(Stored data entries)
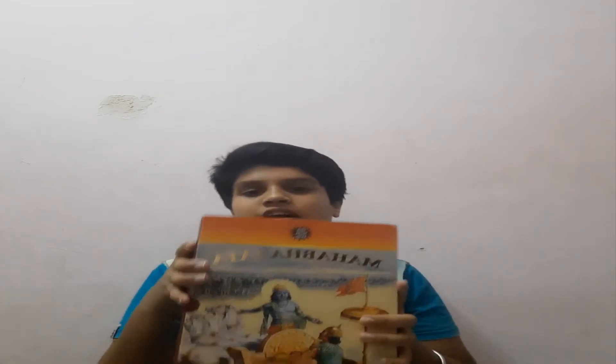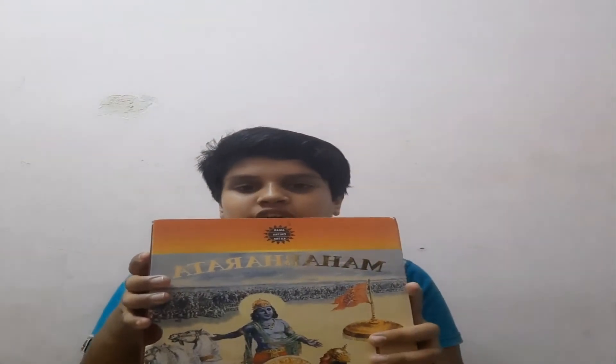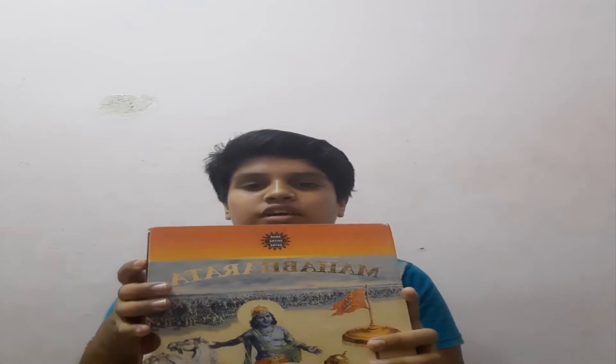Hi friends, it's Holiday Pig here. Welcome back to another video. So in today's video, we are going to make a book review for the book Mahabharata from the Amar Chitra Katha. So without any further delay, let us begin.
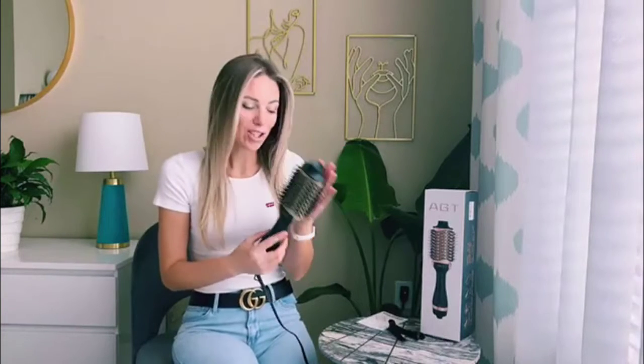Hello everyone, today I'm going to show you this nice hairdryer brush. As you can see, I just dried my hair and it feels like I'm getting out from the salon. It's so soft.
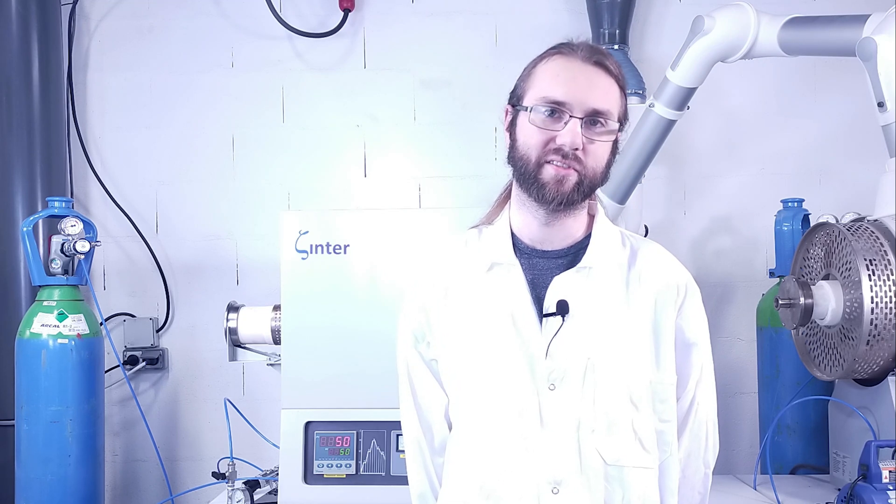Hi and welcome to this new Zetamix tutorial video. In the last video we saw the Zetamix debinding step, and now we'll see the sintering step and particularly how to use the Zeta Sinter.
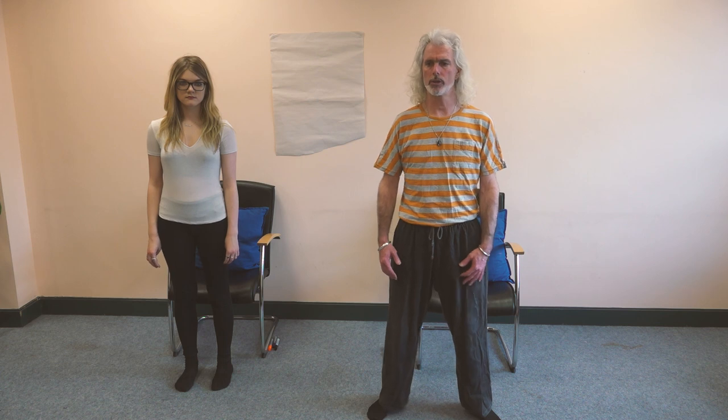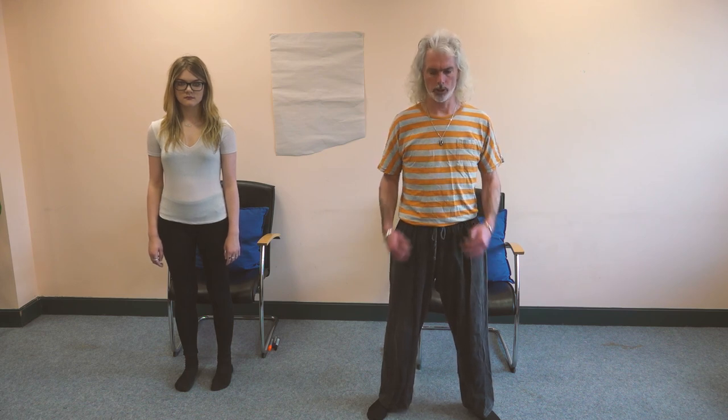This next demonstration is to be viewed in conjunction with the course material already covered in relation to understanding and connecting with trauma. It's based on Peter Levine's 12-step approach to healing trauma through somatic re-experiencing. We're going to go through some of the processes — it'll be a shortened version, but we'll speak as we go in relation to how long it should normally take. It's really important to create a safe, contained environment where people can prepare for any trauma work as it begins to come up through their body.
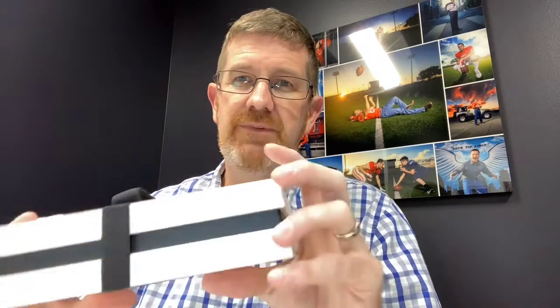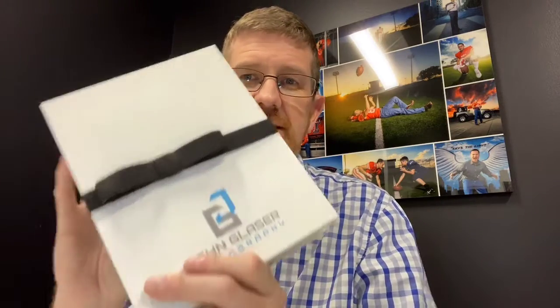Hey everybody, it's John with John Glazer Photography. I'm excited to announce a new product in our line of offerings — it's our mini portrait box. We have our large portrait box which is 11 by 14 mats. This one is 8 by 6 mats and it's perfect as a gift for grandparents, baby photos to put in the baby's room, or maybe a boudoir session.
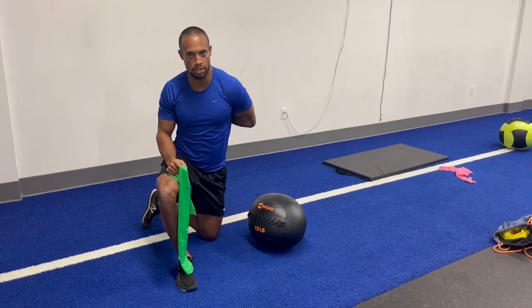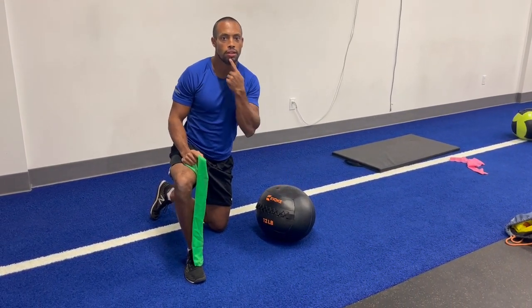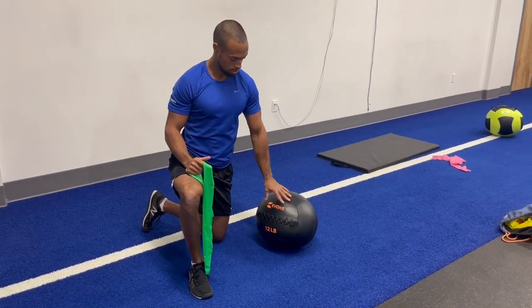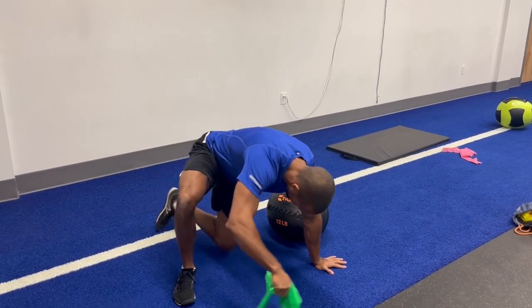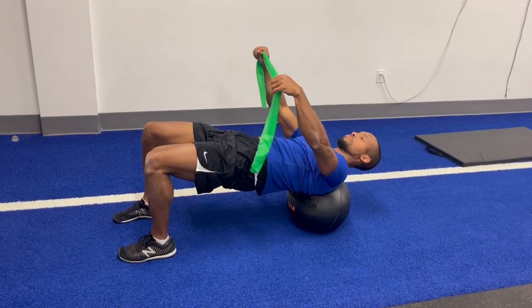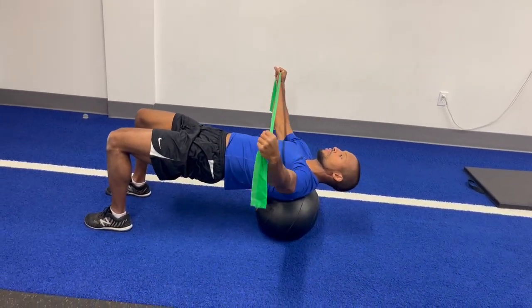Make sure to place your shoulder blades smack dab in the center of the ball. Things to look out for: you're going to want to tuck your chin, get the pelvis in line with your hips. Try not to turn your feet up. Keep the wrist flat.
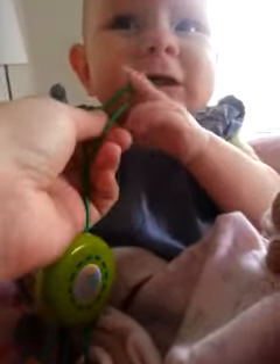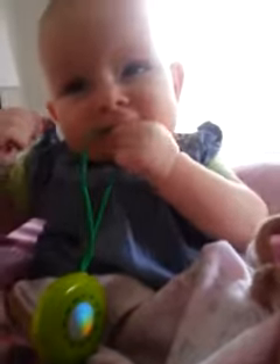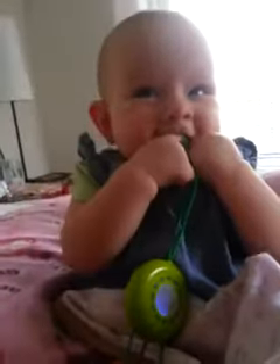Yeah, you are, sweetie. Look at this. Yeah? Are you like the cuties where you actually like the string part better than the toy? Yeah? Grr! Grr!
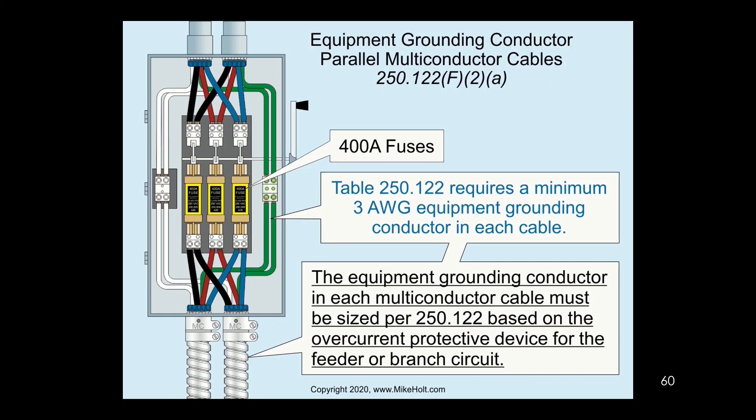If you have cables, the same rules apply to cables as apply to raceways. When a manufacturer installs the equipment grounding conductor inside a cable, it's sized based upon that cable's circuit and its overcurrent device — not assuming you're paralleling it in two, three, or four raceways. They don't know. So if you're going to run parallel cables, you need to be very careful to ensure that you special order the cable.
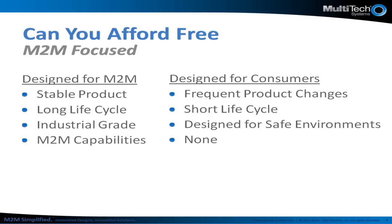Stability and long life cycles, up to five years with the Quick Carrier USB-D, means technicians don't have to be retrained. Engineers don't have to rewrite code to work with new drivers or firmware. Stability and long life cycles in M2M means lower costs, less service calls, no callbacks, and happier customers.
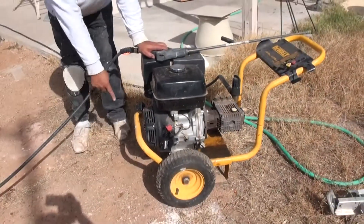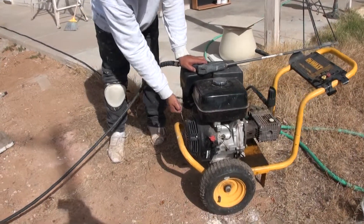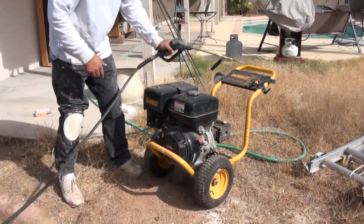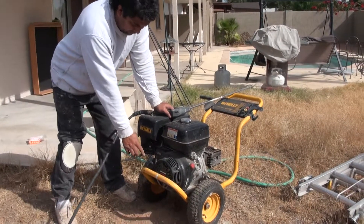Switch on, and pull the starter. But always, you have to press the trigger, always open. If you don't open the water line, the machine never starts.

* _YOUR INSTRUCTIONS_:
Among the entries above, locate the line with "Hi and welcome" and the line with "This next demonstration". Give those two lines and all lines between them again, exactly, leaving out the pictures.

* _RESPONSE AREA_:
Hi and welcome to this new Zetamix tutorial video. In the last video we saw the Zetamix debinding step, and now we'll see the sintering step and particularly how to use the Zeta Sinter.
This next demonstration is to be viewed in conjunction with the course material already covered in relation to understanding and connecting with trauma. It's based on Peter Levine's 12-step approach to healing trauma through somatic re-experiencing. We're going to go through some of the processes — it'll be a shortened version, but we'll speak as we go in relation to how long it should normally take. It's really important to create a safe, contained environment where people can prepare for any trauma work as it begins to come up through their body.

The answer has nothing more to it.